これ、何度かあったんですけど…最大のチャンスは3回です。
1度目は「もう田舎に帰る!」みたいになった時。
恋に破れ、役者としても上手くいかず、根ヶ谷さんも家から出ていったので、2人で住む用の部屋ってもう要らなくなっちゃったわけじゃないですか?
だから、美嘉ちゃんも東京での生活をあきらめて遠い実家に帰る気満々だったんです。でも、そこで最後の勝負を仕掛けてきました。
この物語の主人公である青年に「家に来て欲しい!」と頼み込んできたのです。で、しぶしぶ行ったわけですよ。例のごとく。
そしたら、部屋に布団を敷いて待ってるんです。もう明らかにそういうコトですよね?
でも、断っちゃったんです。っていうかあいまいな態度を取っちゃった。代わりに思わせぶりなセリフをはいちゃって…
「ああ~あ、君が田舎に帰ったら寂しくなっちゃうな~」みたいなセリフです。この辺が、青年の持つ特殊能力「ハンズ・オブ・ミダス」の迷惑なとこでもあるんですけど…
「物語としておもしろくしよう!」とし過ぎて、人間関係をどんどんややこしくしていっちゃうんです!
そんなコト言われたら、あきらめきれないでしょ?
だから、美嘉ちゃんも田舎に帰るのはやめにして、近くに安いアパートを借りて東京に住み続けることに決めちゃいました。4畳半風呂なしのやっすいやっすいアパートの1室ですよ。以前に青年が住んでたような。
で、着物着てお酒を出すようなお店で働き始めて。
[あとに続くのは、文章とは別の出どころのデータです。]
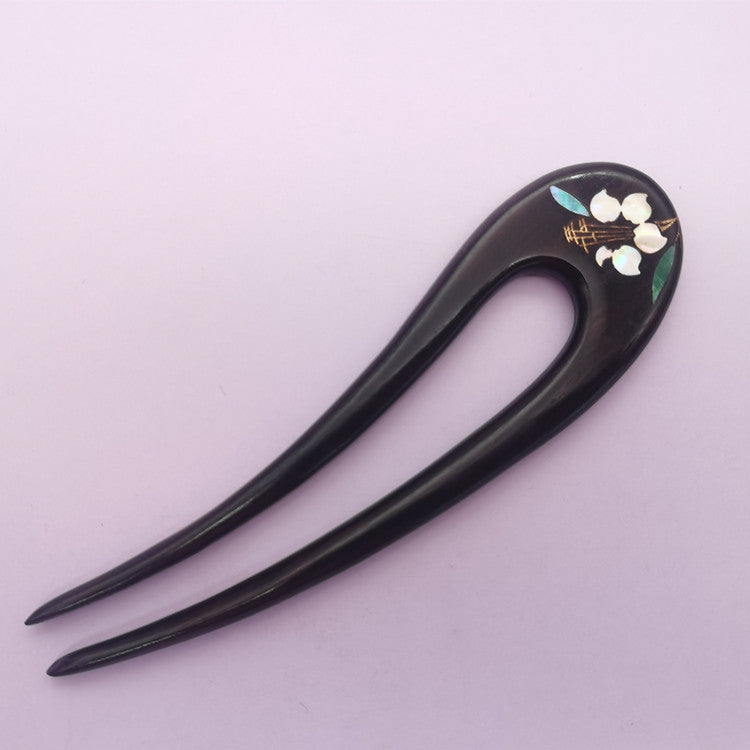 [Living Heritage] Floral Lacquer & Mother-of-pearl Inlay Sandalwood Hair Fork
そこそこのお給料とかもらってたみたいです。
それから、夜の公園を2人で散歩してると「こんな夜には人肌恋しくなっちゃうな~」みたいなコトを言い始めるわけです。
これ、まさにドラマですよ!青年が望んだ通りの展開!「物語」が生まれてるんです!
元々、美嘉ちゃんってギャルっぽい感じの子だったんですけど。キャミソール(露出度の高い服)とか着てて、性的に男を誘っちゃうみたいなとこがあって…
で、青年よりも、むしろ他の男たちの方が性的フェロモンにひかれて近寄っていくんです。確かキザオ君も「美嘉ちゃんいいな~」みたいに言ってたはず。
でも、美嘉ちゃんが好きなのは青年!だから、ますますややこしいコトになっていっちゃう!(同時に物語としてはおもしろくなっていく!)
ところが、それが行き過ぎちゃって、段々エスカレートしていきます。
ある時、演劇の話をするためにボランティアのメンバーが集まる会合があったんですけど…
みんながいる前で「あたし、押しかけ女房でしょ?」みたいなコト言い始めるわけです。
青年は内心「困ったな…」みたいに思ってるんです。だって、ほんとに好きなのは「あの人」の方なんだもの。今やってる演劇だって、最終的にはあの人に認められたくて一生懸命に準備を進めてるんだし。
さらに次の機会はですね。もっと酷いです!
ある夜、美嘉ちゃんが青年の家に泊まっていったんです。でも、手を出さなかったんですよ!隣に寝てるのに!
もうフツーに考えて、あり得ない事態でしょ?でも、結果的にそうなっちゃった!
あんまりにも強引に迫られちゃってダメ過ぎたのか、心の底であの人のコトを想い続けてるので、最後のガードが突破できなかったのか。いろいろ複雑な心境だったんですけど、事実だけ語ると「手を出さなかった!」
「据え膳食わぬは男の恥」と申しますが…どうやら青年は男ではなかったようです。